Conducting mineral exploration requires expertise that can rarely be found condensed into a single volume. Mineral exploration techniques have considerably evolved over the past few decades. It may be difficult, quite a challenge in fact, to try to summarize them all in a single document. But we have decided to take up the challenge in order to produce a simple, convenient, and relatively succinct document that should enable a layperson to understand how metal and mineral deposits are formed, and especially how they are found.


To prepare this document, we did find some inspiration in the "Guide de la prospection", a handbook published in 1993 (now out of print) by the Groupe de communication PAT, the Corporation de formation et de développement en exploration minière and the Cégep de l’Abitibi-Témiscamingue. In fact, many AEMQ members were actively involved in the preparation of this handbook. Certain tables and figures in this document are reproduced in our guide. But as opposed to the "Guide de la prospection", our Mineral Exploration Guide is a vulgarization tool designed for those who are not in the field per se, meaning for example, investors, members of the financial sector, members of the media, and the general public.


The purpose of this guide is not to enable the reader to perform mineral exploration work on his own, but rather to help the reader understand what mineral exploration is all about and how it's done. After reading this guide, the reader should be able to better understand the content of our website, and may even be better able to understand press releases issued by mineral exploration companies. He/she will we able to distinguish geophysics from geochemistry, granite from peridotite, a prospectus offering from a financing by way of offering memorandum. He/she may even be in a position to discuss the value of a mineral exploration project or its results with an industry representative.


   Geology, from ancient Greek (gê-, "earth") and λογος (logos, "speak", "reason"), is the science that deals with the composition, structure, history and evolution of the Earth's internal and external layers and the processes that shape it. Geology is an important discipline among Earth sciences.

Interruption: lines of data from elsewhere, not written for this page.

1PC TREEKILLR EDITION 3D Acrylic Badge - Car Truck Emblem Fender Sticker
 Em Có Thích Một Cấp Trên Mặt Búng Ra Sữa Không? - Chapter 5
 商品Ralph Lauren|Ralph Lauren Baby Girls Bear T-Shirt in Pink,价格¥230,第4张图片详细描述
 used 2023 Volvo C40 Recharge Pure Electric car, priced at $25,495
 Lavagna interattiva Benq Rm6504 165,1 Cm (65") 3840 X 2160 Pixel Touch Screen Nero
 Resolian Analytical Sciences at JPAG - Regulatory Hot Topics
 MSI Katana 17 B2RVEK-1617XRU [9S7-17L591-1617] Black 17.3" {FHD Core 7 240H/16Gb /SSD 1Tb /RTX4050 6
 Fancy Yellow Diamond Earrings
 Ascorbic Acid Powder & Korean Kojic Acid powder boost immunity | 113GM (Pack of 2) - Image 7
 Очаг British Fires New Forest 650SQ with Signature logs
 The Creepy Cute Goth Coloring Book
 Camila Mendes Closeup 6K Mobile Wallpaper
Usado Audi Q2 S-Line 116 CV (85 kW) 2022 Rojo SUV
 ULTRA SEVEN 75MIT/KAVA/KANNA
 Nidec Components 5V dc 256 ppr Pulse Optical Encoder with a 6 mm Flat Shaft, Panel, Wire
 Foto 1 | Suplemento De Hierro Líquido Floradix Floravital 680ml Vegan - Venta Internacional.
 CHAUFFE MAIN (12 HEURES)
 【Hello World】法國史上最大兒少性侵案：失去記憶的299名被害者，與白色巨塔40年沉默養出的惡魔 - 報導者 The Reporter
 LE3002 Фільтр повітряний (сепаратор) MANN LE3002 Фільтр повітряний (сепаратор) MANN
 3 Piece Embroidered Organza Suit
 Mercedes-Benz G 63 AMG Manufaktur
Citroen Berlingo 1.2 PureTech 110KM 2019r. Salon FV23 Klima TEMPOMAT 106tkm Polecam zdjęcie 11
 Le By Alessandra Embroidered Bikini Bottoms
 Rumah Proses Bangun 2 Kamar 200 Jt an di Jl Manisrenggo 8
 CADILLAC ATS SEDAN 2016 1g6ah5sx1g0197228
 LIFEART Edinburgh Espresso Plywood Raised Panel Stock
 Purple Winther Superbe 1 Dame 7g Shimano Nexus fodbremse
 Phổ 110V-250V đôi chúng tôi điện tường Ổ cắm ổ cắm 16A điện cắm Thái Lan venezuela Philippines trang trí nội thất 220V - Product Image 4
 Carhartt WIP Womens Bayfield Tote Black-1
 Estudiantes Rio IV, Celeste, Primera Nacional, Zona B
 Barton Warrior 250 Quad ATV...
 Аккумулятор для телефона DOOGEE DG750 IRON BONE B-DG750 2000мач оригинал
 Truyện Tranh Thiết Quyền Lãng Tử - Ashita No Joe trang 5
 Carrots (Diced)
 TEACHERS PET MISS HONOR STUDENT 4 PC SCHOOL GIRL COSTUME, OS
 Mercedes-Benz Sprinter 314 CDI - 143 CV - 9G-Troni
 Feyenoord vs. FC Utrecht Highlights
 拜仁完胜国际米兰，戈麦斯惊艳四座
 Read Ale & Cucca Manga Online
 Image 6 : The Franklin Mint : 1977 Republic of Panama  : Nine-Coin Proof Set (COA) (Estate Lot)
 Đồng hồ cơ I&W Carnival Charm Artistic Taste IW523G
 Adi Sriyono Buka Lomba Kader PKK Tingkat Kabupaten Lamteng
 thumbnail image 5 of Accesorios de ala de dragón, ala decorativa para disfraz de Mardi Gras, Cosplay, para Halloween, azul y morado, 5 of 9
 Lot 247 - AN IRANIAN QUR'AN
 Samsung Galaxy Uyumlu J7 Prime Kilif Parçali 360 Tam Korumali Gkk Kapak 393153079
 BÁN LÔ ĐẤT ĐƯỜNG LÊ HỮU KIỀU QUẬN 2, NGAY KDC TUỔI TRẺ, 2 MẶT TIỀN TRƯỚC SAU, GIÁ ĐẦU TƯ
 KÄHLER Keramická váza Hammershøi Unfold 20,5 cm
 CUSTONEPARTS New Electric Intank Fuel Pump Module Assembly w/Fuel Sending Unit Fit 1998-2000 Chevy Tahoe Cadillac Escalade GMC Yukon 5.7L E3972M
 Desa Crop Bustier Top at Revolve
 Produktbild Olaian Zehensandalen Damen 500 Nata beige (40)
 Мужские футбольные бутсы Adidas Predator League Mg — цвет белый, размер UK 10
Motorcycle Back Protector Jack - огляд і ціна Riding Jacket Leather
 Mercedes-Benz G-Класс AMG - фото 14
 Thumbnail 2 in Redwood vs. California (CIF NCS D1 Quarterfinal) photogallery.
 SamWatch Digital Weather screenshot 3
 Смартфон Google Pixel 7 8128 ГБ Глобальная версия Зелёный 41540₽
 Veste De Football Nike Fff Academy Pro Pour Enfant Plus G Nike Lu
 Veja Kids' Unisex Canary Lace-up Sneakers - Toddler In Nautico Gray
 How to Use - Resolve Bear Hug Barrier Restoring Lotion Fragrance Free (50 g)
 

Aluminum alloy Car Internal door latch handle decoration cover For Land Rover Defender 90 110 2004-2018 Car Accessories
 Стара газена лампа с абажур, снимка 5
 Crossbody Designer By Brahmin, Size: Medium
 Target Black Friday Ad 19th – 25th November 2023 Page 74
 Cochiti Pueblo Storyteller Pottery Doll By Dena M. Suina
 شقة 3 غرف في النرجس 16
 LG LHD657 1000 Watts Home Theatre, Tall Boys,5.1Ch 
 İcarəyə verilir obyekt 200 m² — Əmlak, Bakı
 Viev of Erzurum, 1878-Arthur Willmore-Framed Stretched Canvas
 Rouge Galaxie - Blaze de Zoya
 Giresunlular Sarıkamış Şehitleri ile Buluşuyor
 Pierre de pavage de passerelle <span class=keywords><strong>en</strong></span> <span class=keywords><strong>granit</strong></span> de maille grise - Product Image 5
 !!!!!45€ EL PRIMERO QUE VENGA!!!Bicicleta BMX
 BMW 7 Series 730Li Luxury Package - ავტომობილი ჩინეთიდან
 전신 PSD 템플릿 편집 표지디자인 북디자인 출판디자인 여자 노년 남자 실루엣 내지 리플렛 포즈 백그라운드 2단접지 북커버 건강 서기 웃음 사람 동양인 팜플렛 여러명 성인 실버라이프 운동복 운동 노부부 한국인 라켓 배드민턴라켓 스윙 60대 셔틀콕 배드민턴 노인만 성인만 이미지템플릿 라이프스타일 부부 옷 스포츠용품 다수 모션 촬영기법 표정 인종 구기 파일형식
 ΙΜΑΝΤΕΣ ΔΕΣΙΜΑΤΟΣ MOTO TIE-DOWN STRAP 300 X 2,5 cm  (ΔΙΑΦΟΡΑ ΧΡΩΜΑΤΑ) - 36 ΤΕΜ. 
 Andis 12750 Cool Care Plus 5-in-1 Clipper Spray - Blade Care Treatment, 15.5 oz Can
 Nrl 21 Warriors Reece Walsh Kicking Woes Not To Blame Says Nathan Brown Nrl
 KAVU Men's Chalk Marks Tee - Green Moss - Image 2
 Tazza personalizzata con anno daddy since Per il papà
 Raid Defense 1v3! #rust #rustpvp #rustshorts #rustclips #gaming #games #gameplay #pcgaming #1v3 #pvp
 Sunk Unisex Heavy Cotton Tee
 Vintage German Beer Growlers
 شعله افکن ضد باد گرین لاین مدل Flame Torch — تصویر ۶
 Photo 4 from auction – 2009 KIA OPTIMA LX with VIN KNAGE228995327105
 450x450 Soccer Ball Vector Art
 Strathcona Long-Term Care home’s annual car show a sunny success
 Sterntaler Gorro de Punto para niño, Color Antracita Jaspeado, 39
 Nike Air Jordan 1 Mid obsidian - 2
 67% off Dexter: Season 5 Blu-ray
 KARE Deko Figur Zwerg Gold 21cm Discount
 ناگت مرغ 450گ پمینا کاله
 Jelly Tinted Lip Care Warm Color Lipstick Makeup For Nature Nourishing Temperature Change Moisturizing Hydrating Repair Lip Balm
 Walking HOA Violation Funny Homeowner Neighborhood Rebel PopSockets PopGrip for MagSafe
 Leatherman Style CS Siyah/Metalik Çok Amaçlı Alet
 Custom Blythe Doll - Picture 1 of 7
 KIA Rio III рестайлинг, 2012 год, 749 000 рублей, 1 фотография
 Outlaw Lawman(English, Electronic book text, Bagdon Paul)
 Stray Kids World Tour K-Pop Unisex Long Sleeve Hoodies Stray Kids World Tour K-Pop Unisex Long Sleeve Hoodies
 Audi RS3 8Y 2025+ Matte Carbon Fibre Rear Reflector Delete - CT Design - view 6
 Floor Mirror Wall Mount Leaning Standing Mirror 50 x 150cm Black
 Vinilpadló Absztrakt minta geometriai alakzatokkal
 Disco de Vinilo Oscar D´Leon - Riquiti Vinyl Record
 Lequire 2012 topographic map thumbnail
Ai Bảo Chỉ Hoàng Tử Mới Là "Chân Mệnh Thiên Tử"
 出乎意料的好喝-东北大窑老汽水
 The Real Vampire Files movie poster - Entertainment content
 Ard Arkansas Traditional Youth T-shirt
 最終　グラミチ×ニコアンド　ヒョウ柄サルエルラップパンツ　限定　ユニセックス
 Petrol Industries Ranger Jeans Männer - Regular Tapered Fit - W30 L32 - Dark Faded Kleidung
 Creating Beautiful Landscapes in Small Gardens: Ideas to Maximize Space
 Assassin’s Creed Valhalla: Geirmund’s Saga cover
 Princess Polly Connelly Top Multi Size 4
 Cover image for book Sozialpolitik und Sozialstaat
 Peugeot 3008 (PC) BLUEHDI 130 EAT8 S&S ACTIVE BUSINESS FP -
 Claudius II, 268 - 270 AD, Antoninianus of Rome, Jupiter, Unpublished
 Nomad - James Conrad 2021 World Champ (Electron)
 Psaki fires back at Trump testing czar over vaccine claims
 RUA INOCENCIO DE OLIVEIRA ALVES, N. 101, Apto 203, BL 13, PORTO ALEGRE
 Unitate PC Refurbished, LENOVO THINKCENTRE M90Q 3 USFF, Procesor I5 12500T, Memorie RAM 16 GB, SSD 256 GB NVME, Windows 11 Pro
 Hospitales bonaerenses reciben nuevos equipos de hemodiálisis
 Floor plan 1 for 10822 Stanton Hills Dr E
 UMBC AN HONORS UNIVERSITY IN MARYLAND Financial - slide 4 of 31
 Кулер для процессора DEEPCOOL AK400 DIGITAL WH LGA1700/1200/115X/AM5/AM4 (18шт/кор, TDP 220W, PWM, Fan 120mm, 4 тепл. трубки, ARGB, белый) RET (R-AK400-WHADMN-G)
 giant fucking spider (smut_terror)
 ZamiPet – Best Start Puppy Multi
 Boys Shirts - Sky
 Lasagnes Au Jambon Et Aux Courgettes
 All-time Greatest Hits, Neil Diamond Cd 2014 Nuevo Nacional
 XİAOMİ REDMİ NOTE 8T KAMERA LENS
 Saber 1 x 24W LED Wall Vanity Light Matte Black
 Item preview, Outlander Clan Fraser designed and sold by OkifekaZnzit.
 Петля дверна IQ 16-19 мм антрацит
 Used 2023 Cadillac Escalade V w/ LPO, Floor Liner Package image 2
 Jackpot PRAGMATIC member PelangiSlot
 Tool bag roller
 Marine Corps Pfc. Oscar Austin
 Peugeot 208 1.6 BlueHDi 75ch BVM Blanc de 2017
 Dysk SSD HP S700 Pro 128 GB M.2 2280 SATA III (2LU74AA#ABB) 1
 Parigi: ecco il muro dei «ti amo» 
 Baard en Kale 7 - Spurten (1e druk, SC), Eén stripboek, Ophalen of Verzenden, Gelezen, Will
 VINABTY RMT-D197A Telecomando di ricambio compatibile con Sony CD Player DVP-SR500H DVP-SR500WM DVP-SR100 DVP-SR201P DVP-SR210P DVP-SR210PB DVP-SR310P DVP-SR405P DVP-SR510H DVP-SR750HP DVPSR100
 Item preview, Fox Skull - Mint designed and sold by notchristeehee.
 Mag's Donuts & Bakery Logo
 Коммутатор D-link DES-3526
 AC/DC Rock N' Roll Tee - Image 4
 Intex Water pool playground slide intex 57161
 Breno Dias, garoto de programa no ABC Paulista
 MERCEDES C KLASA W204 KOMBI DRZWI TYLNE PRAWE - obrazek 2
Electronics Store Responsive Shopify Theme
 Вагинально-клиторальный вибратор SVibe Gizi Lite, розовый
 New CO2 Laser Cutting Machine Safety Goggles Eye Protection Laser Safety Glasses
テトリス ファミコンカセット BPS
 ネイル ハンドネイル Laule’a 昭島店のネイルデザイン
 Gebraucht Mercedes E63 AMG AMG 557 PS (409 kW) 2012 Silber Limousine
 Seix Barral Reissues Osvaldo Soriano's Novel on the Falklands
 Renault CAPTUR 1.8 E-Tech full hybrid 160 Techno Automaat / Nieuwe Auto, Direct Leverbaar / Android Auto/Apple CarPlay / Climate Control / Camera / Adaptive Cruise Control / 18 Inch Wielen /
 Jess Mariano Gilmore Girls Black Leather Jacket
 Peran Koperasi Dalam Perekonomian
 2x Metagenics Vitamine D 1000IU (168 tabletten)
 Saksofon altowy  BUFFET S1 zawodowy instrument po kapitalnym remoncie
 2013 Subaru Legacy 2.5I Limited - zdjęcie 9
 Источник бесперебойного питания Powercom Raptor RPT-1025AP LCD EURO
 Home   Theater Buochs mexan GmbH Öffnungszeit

The materials that make up the Earth's crust are composed of minerals and rocks. Some may contain or be, in and among themselves, substances that have a certain economic value, meaning they may be mined at a profit. To discover these substances, we must be able to identify the geological environments and structures that are favourable for the concentration of such mineralization. Mineral explorationists work to discover these orebodies.

New rocks are continually formed on, in, and underneath the Earth's crust. At the Earth's surface, rocks are subjected to erosion and weathering conditions, that break them down. Particles are carried toward a sedimentation setting where, after compaction, they will become sedimentary rocks. Thick accumulations will eventually bring the sedimentary rocks to greater depths, where they will become metamorphic rocks. At the base of the Earth's crust, the rocks may melt, become magma once again and subsequently migrate toward the surface to form plutonic and volcanic igneous rocks. This repetitive formation process constitutes the cycle of formation of rocks. This cycle is directly related to the process of formation and deformation of the Earth's crust driven by plate tectonics.

  In order to fully understand the rock cycle, it is important to first grasp the concept of plate tectonic movements and the ways in which such movements can deform geological formations. Plate tectonics (also known as continental drift) is a theoretical model that explains the inner workings of our planet. It describes how convection within the Earth’s mantle affects the surface of our planet. The lithosphere, Earth’s outermost layer, is divided into rigid plates that float and move over the more ductile asthenosphere below.

Tectonic plates are carried along by the movements of the underlying asthenospheric mantle, and the plates interact with each other in three main ways:

Divergence: This type of movement causes plates to move away from each other, allowing the mantle to rise up between them. Divergent boundaries create oceanic ridges where new oceanic lithosphere is formed. Volcanic activity along these boundaries is generally basaltic. This type of movement is responsible for creating new lithospheric crust (the rigid layer above the upper mantle).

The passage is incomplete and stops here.